By: Rosemary Marando and Caitilin Watson
Roohizadegan v Technology One Ltd (No 6) [2025] FCA 1619
At a glance
- The Federal Court has overturned a previous $5.2M ruling, dismissing Mr Roohizadegan’s General Protections claim after a six‑year litigation battle.
- The Court found the dismissal was due to performance, not disability, alleged workplace rights, or incentive entitlements.
- The decision is expected to influence future General Protections claims, reducing speculative filings and resetting expectations on high‑value compensation.
Summary
On 18 December 2025, the Federal Court dismissed the General Protection claim by Mr Roohizadegan against TechnologyOne. Mr Roohizadegan was seeking $55M for his dismissal. He alleged the termination of his employment was because of the following:
- Mr Roohizadegan’s mental disability being severe stress, anxiety and depression and he was discriminated against because of his disability,
- he exercised a workplace right as he proposed to bring legal proceedings at a meeting with the employer, and/or
- he was entitled to receive an incentive payment under his contract of employment.
The case began in 2019 with a landmark finding against the employer for approximately $5.2M.1 The appeal by the employer resulted in a re-trial being ordered. The outcome of the re-trial is that the initial decision was overturned and Mr Roohizadegan was unsuccessful in his application against the employer, despite 5 years of litigation and expert medical evidence. The pleadings included a list of alleged adverse actions against the employer which Mr Roohizadegan alleged occurred both whilst he was employed and due to the termination of his employment, as is common in General Protection claims. A misrepresentation claim was also advanced. Several points were abandoned at or before hearing.
Ultimately, Justice Mcelwaine found it was a sad case where an initially spectacular employee was dismissed for performance reasons, not because he exercised any workplace rights as alleged. The Judge commented that:
“Behnam [Mr Roohizadegan] lived for his work. It was his purpose in life, ultimately to the detriment of his family and his health. Each of the expert psychiatrists agreed during their joint evidence that Behnam suffers from obsessive compulsive personality traits. People with an obsessional personality will often use work as a diversion to suppress their symptoms. Over time, this is destructive. Ultimately, that is what I have concluded in this case.”
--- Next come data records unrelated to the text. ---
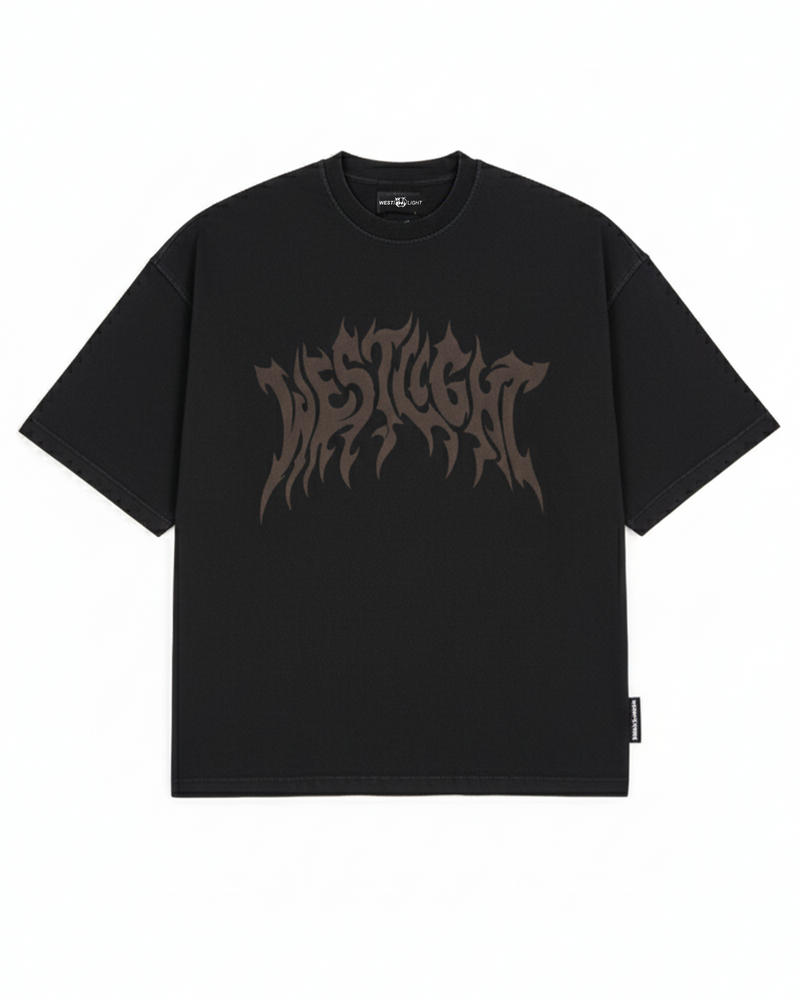 Westlight T-shirt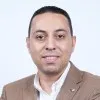 Mohamed Gawdat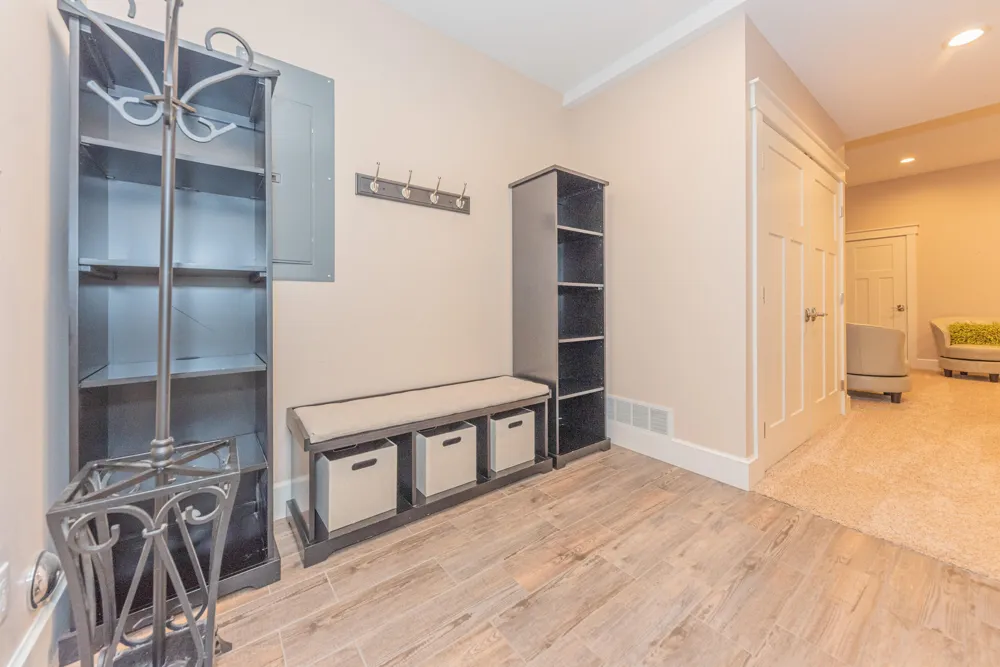 355 Koch Avenue Ann Arbor, MI 48103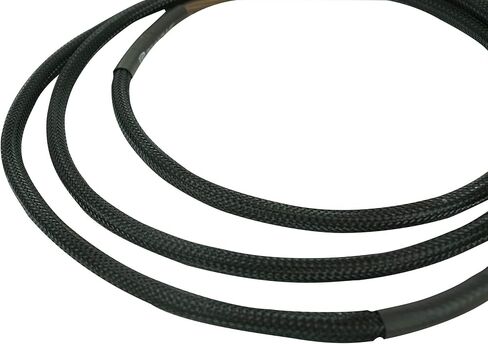 روكفيل RMWK4 4 AWG مقياس مضخم بحري مقاوم للماء/مجموعة أسلاك تثبيت أمبير in Kuwait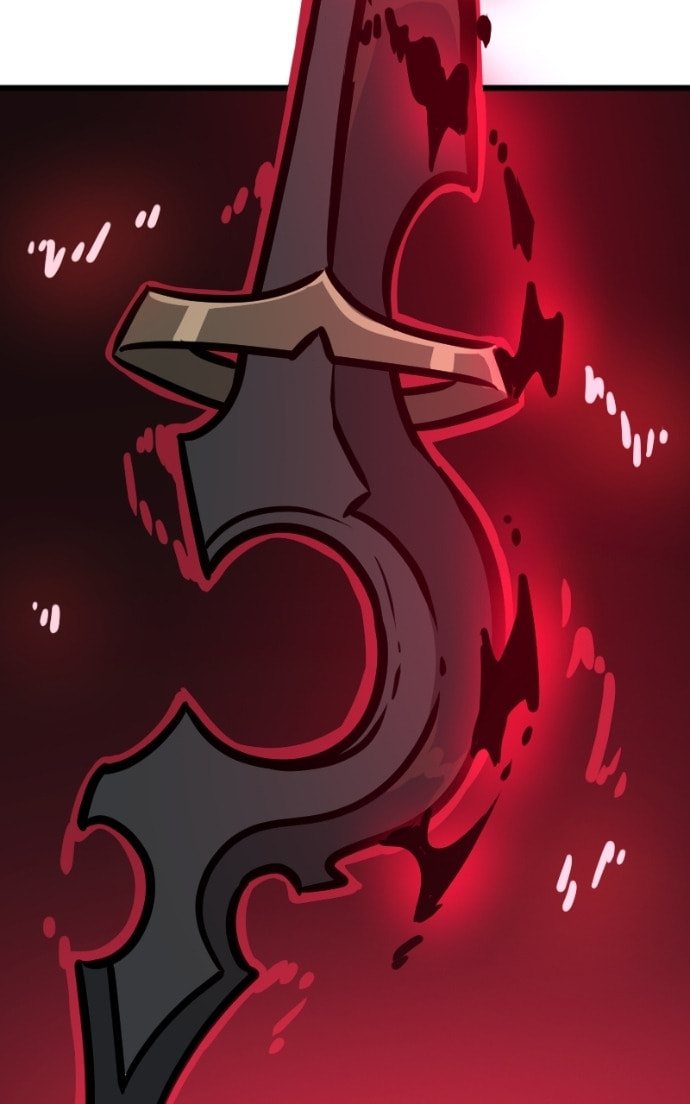 Read Pentheus chapter 73 image 80 on Lezhin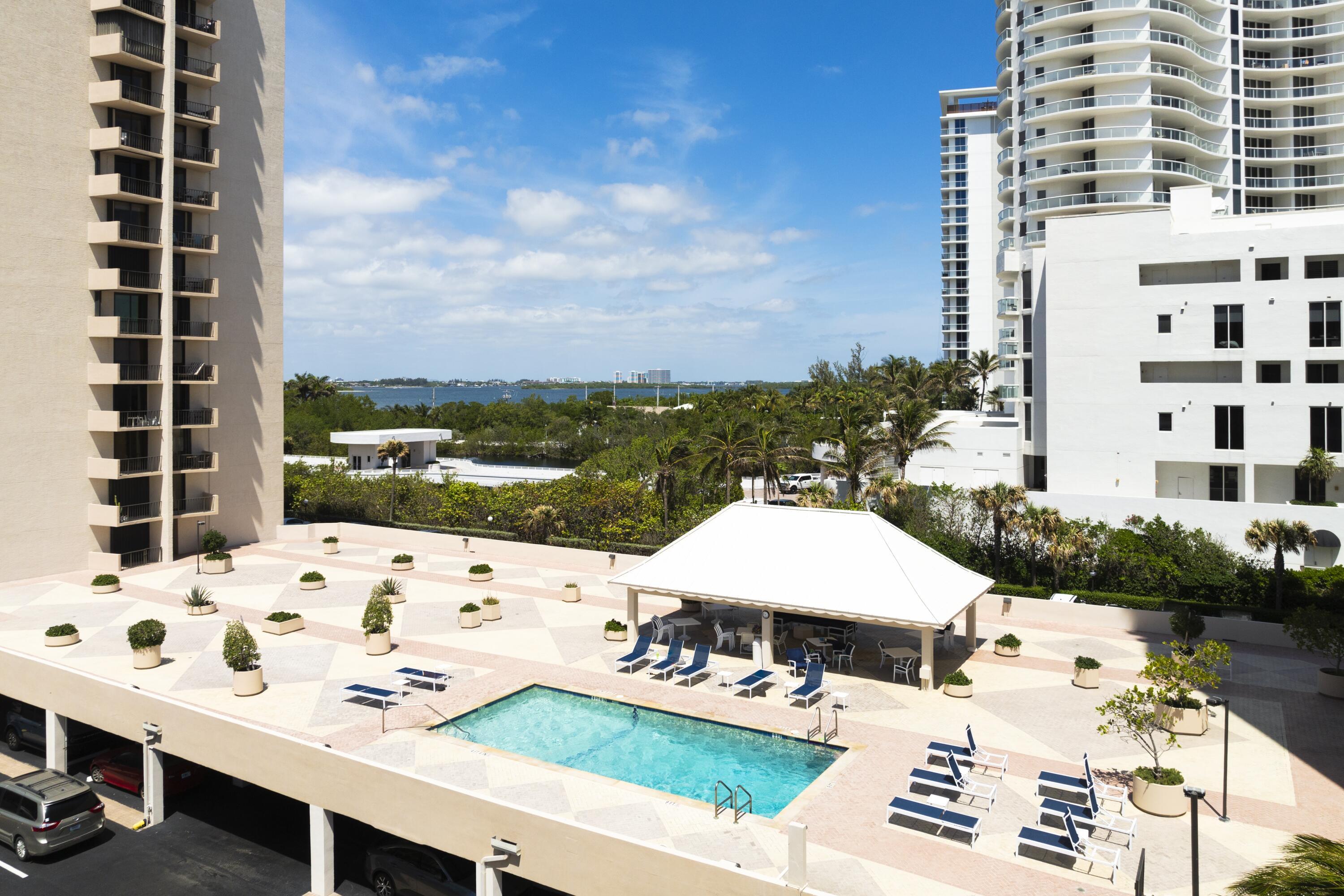 4200 N Ocean Drive 2-405, Singer Island, FL 33404, Singer Island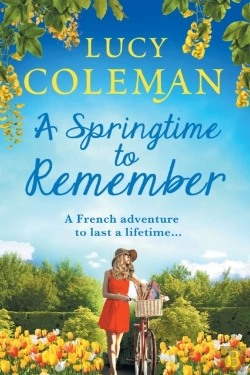 Bertrand.pt - A Springtime To Remember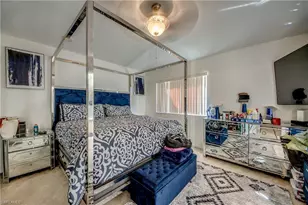 9957 Chiana Cir, Fort Myers, FL 33905 - Photo 17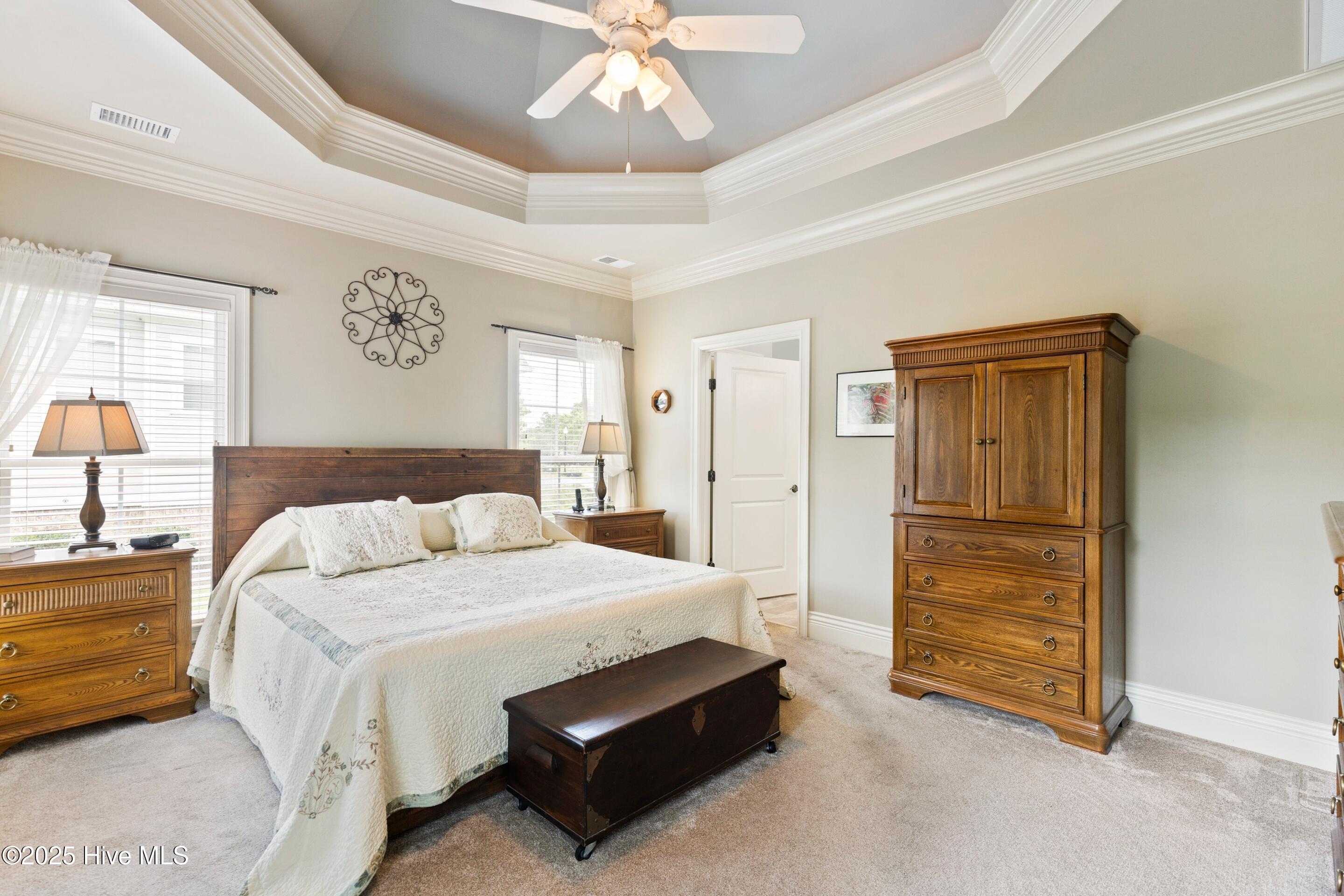 3298 Kensington Square SW
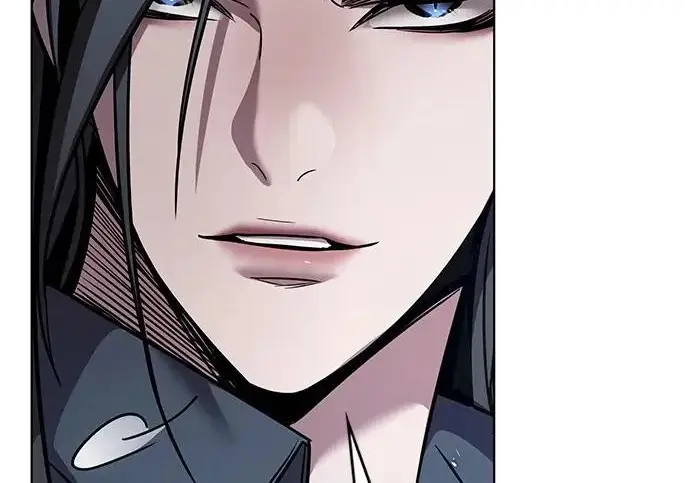 漫画《觉醒吧，铲屎官！》第397话第9张图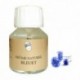 Arôme bleuet naturel 115 mL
The employer discharged the reverse onus of proof in section 361 of the Fair Work Act 2009 (Cth) (the FW Act) by leading evidence from the decision maker of the steps taken against Mr Roohizadegan in his employment and the reasons such steps were taken. The Judge accepted the decision maker’s evidence that the substantial and operative reason that the decision was made to terminate Mr Roohizadegan’s employment was not because he exercised any workplace right/s or any other proscribed reason under the FW Act, but because of his performance.
The Court will now hear submissions on costs, which are expected to be in the millions of dollars for both parties. The Court may be prepared to make adverse cost orders against Mr Roohizadegan. Generally, the Courts are not prepared to make costs orders under section s 570 of the FW Act, because most claims are not commenced vexatiously, without reasonable cause or found to have unreasonably caused costs to be incurred. The costs decision may break new ground.
Learnings
This case should have a chilling effect on claimants and claimant firms to reiterate the real risk and the evidence required to succeed in General Protections claims. It ought to discourage claimants from pursuing speculative claims.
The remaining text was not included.